Here's output from the machine in question:
Code:
bash-4.3$ groups
users root bin lp floppy audio video cdrom plugdev power scanner
I'm not sure I need to be in root's group - I forget what that was for. But I'm not in wheel. I hardly need scanner either - there isn't one! I'm in bin to humour some old utility I installed, which I forget now.
I take the point about userS. Some kind soul rejigged slackware to be (different) user-per-application and posted a link on this site, but those things never stay up to date. The trouble with users is that if you have more than one thing interacting you complicate life immensely under X; Fine, indeed nearly compulsory for a run level 3 based server stuff but awkward when you want an X based browser, printer, LibreOffice, Adobe Acrobat, gimp, & usb storage to interact with each other.
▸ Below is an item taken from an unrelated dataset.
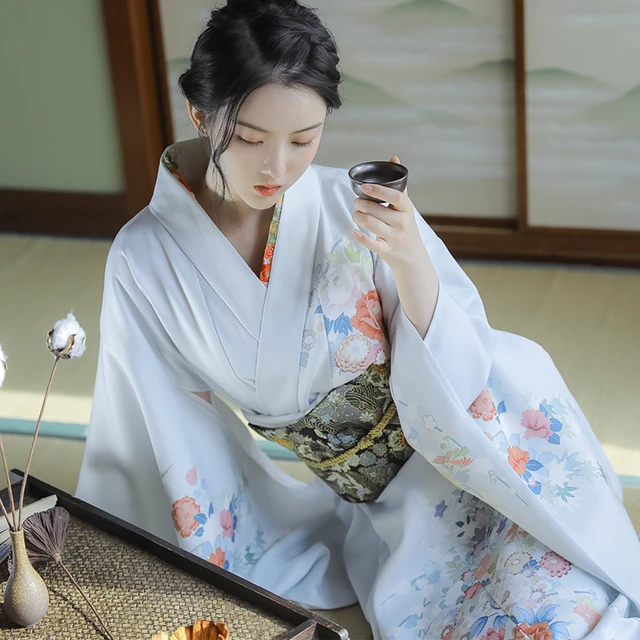 Japanese Traditional Long Sleeve Kimono Light Blue Color Ballroom Dress Floral Prints Yukata Cosplay Wear Performing Cloth AliExpress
OTOH, what the hardened distros offer(ed) was Pax, GRSecurity, & SELinux. Pax & GRSecurity were not always up to date and protect the kernel; SELinux I always viewed as access control = tie your hands behind your back in case you are tempted to play with yourself :-).
The attack vector coming at me is unwelcome internet traffic which can target pale moon (updated today) and one or two other programs. Pax & GRSecurity are attempts to stop a program whose security is breached from giving mastery of the system to the hacker. Worthy endeavours, one would think, but no distribution bothers. My user can write to ~/, and external storage, but not anything system related. Nothing goes online as root.
I will inform myself some more, stay with Slackware for the moment, and take advice from this thread to improve housekeeping. I will post afresh if I run into major issues.
Last edited by business_kid; 11-04-2016 at 04:09 PM.